§ Problem to solve: Below are the records; print them again exactly and omit the pictures.

[Entries taken from a collection]
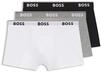 BOSS Hugo Herren Trunk 3p Co/EL Boxershorts, Assorted 999, S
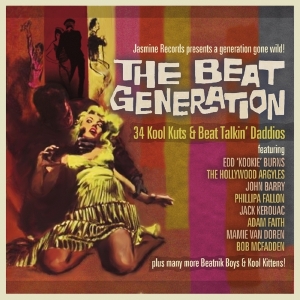 Various - Beat Generation i gruppen CD hos Bengans Skivbutik AB (2461812)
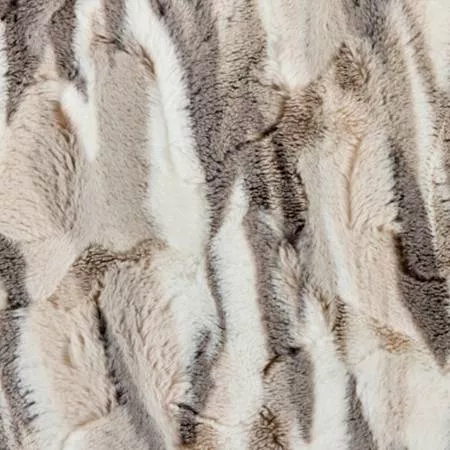 Luxe Cuddle Frosted Himalayan - Pewter
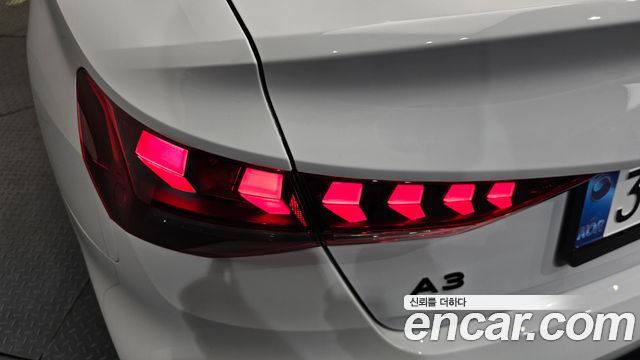 Audi A3 40 TFSI Quattro Premium
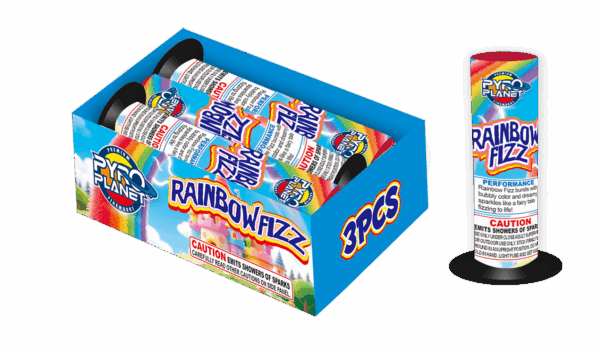 Rainbow Fizz
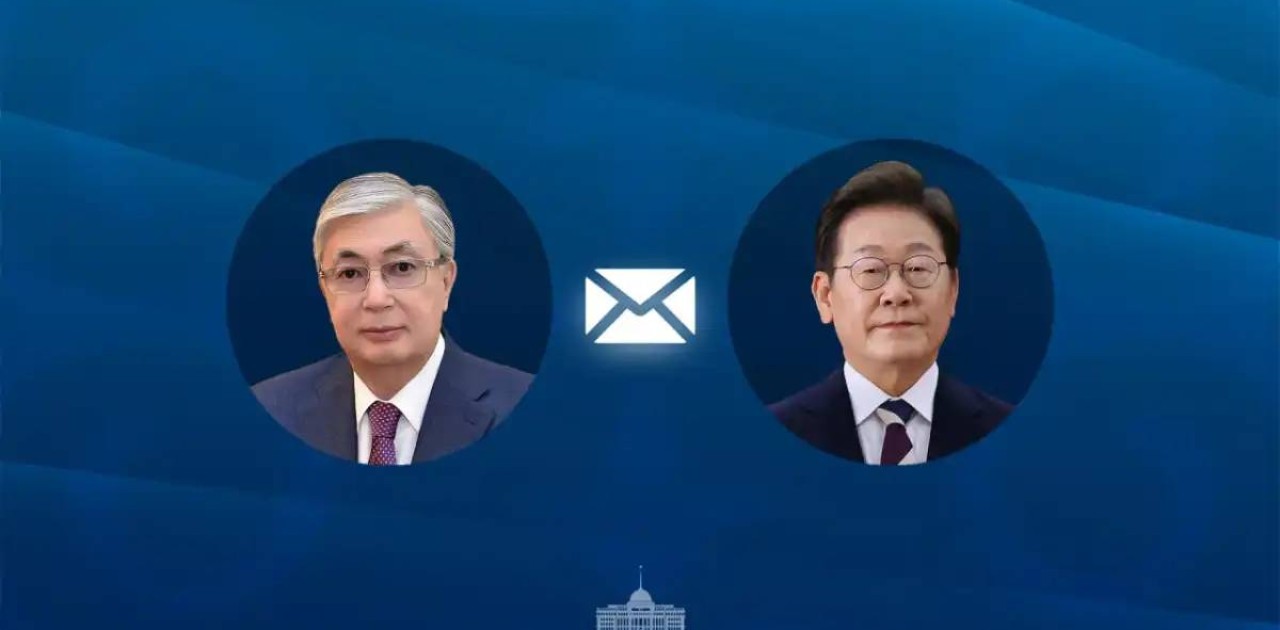 Президент корей халқын Ұлттық күнімен құттықтады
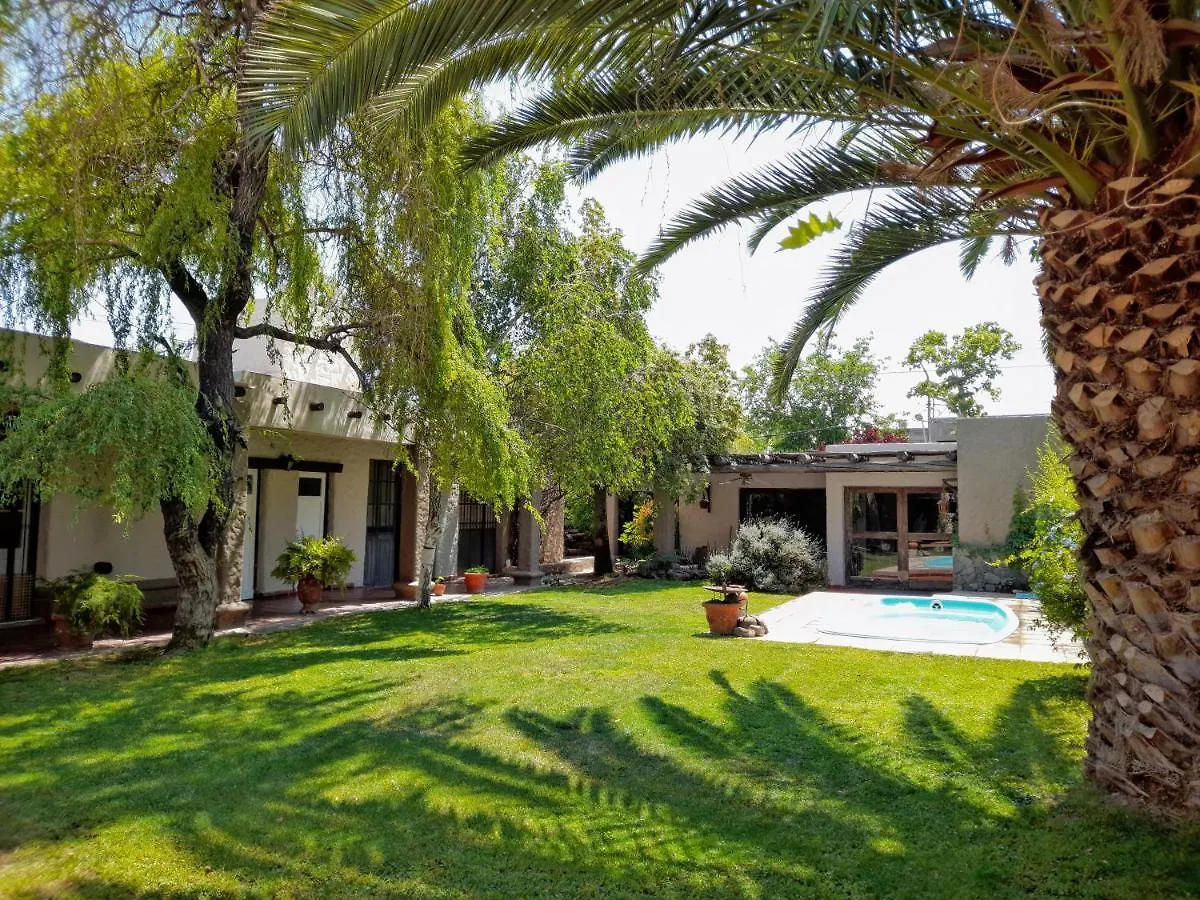 Casona En Bodega Centenaria Guaymallen Holiday home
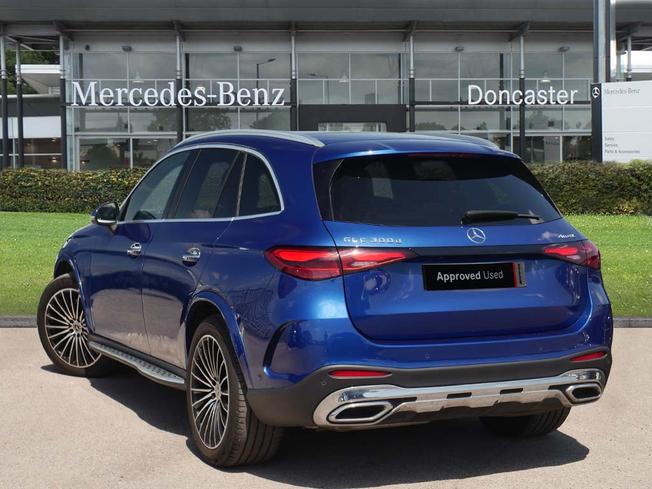MERCEDES-BENZ Glc Photo 2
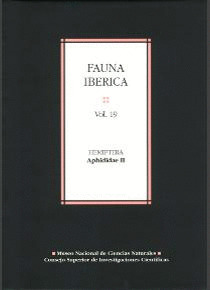 FAUNA IBERICA. VOL. 19. HEMIPTERA: APHIDIDAE II
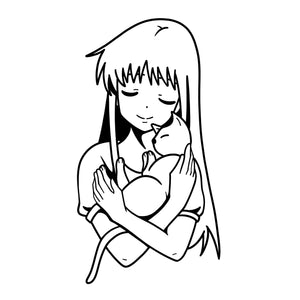 “Tendresse Maudite” (Fruits Basket) “Tendresse Maudite” (Fruits Basket)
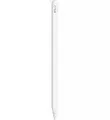 Produktbild: Apple Pencil 2. Generation iPad Pro Weiß iOS Tabletstift USB-C Neigungssensitiv
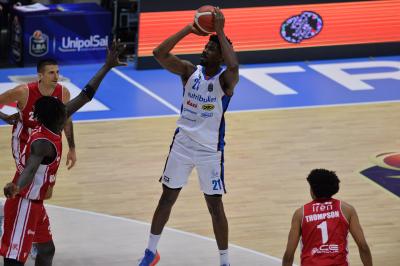 TREVISO 05122021 LBA NUTRIBULLET TREVISO BASKET - UNAHOTELS REGGIO EMILIA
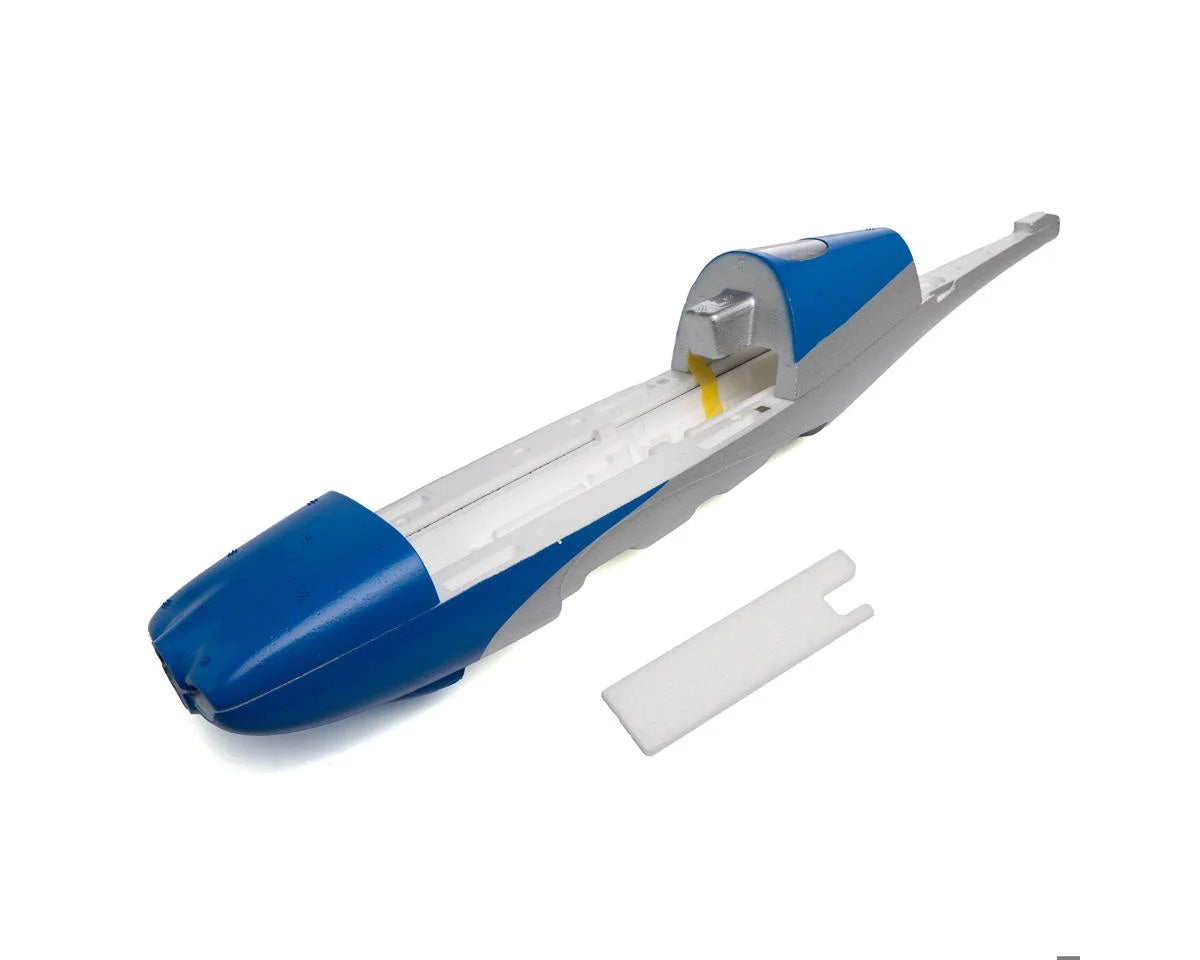 Painted Fuselage with Cowling for UMX Cirrus SR22T (EFL-1751)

§ Output below:
 BOSS Hugo Herren Trunk 3p Co/EL Boxershorts, Assorted 999, S
 Various - Beat Generation i gruppen CD hos Bengans Skivbutik AB (2461812)
 Luxe Cuddle Frosted Himalayan - Pewter
 Audi A3 40 TFSI Quattro Premium
 Rainbow Fizz
 Президент корей халқын Ұлттық күнімен құттықтады
 Casona En Bodega Centenaria Guaymallen Holiday home
MERCEDES-BENZ Glc Photo 2
 FAUNA IBERICA. VOL. 19. HEMIPTERA: APHIDIDAE II
 “Tendresse Maudite” (Fruits Basket) “Tendresse Maudite” (Fruits Basket)
 Produktbild: Apple Pencil 2. Generation iPad Pro Weiß iOS Tabletstift USB-C Neigungssensitiv
 TREVISO 05122021 LBA NUTRIBULLET TREVISO BASKET - UNAHOTELS REGGIO EMILIA
 Painted Fuselage with Cowling for UMX Cirrus SR22T (EFL-1751)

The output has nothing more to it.